The sugar market has been in a trading range between 16.50 and 18.80 since the end of February. Commercial traders as defined by the CFTC’s Commitment of Traders reports are value players. They either produce the commodity they’re trading or need the commodity as processors. Simply put, commercial producers are keenly aware of, and opportunistically act on prices they perceive as above fair value to lock in the best forward prices possible thus, capping market rallies. Similarly, commercial processors and end users eagerly take action to ensure lower input costs when the opportunity arises thus, supporting market bottoms. Their combined actions create the sideways and very tradable meandering action we’ve seen over the last few months.
Our strategy sets us up to trade only one side of a sideways market. We only take trades following whichever side of the market is in charge at the moment. Currently, commercial trader momentum is positive putting the buyers in charge. They’ve been net buyers in each of the last three weeks bringing their net position to long nearly 150,000 contracts. Clearly, their actions are bullish as we head into the end of July seasonal peak for the October #11 sugar futures contract.
Finally, we wait for the market to become oversold against the commercial traders’ positive outlook. Trades can be missed waiting for the market to come back but, in our experience, it’s better to miss a trade than it is to increase the risk. Waiting for the market to move against the commercial traders decreases the per trade risk for those of us who are speculating. The risk is always measured to the most recent swing high or low which is currently 16.87 in the October contract made on the 17th.

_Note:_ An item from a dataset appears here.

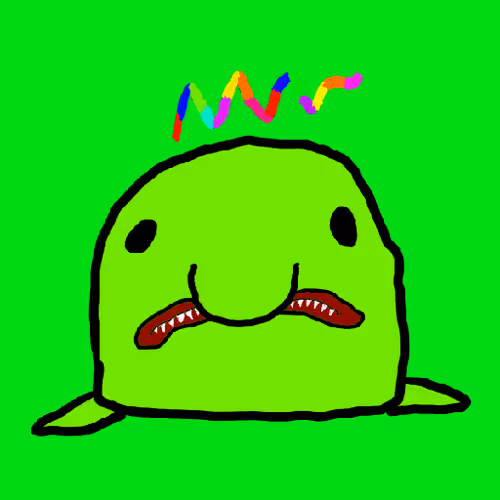Blob Town Wtf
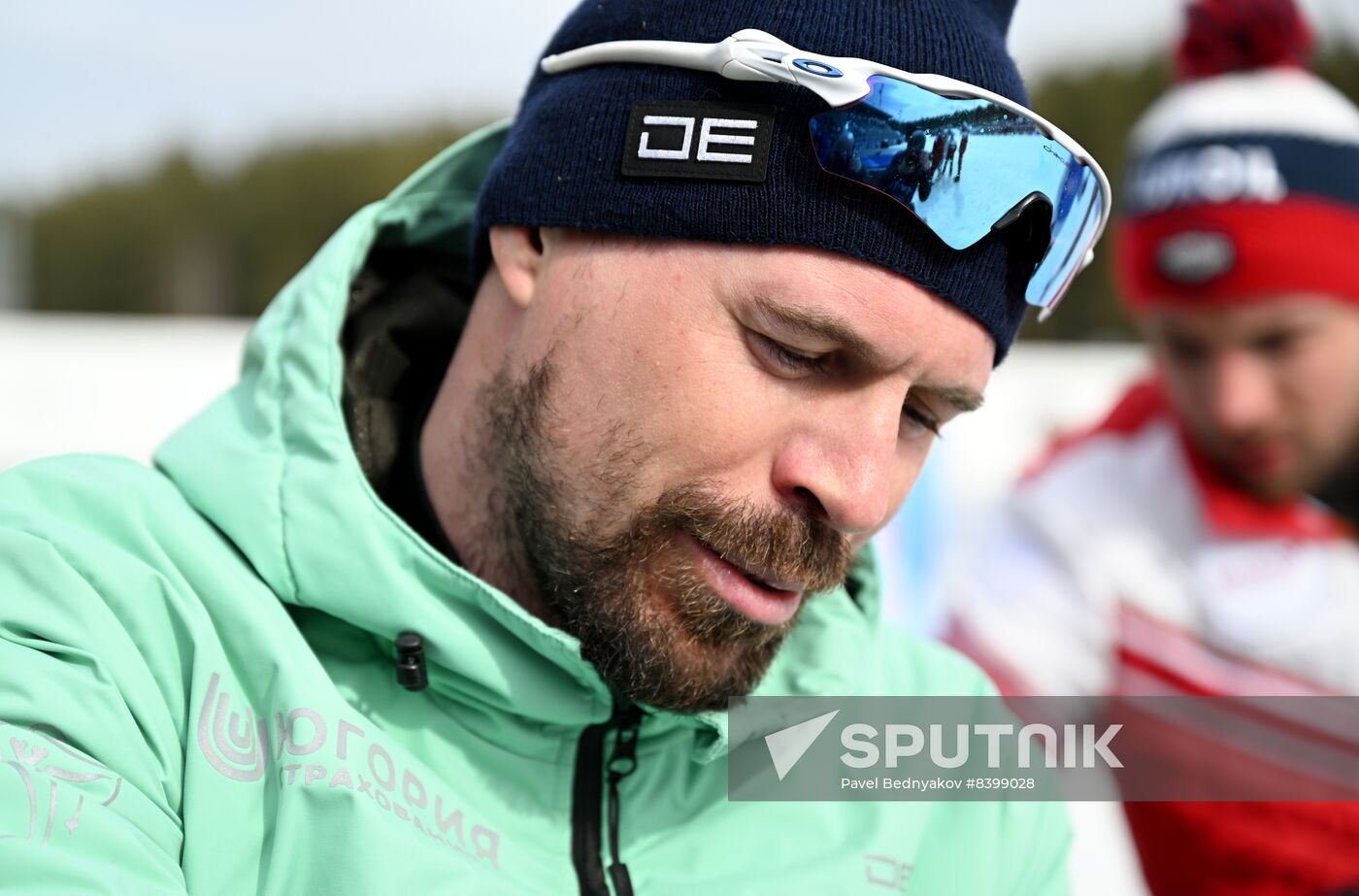 Russia Cross-Country Skiing Championship Men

The full setup for this trade, along with the commercial position and commercial trader momentum can be seen on this #11 sugar futures chart. It’s ultimately, a simple ready, set, trade process. The only real calculation to be performed is the risk calculation which is simply difference between the trader’s discretionary entry point and the recent swing multiplied by the number of contracts necessary to fit the risk criteria of your own account.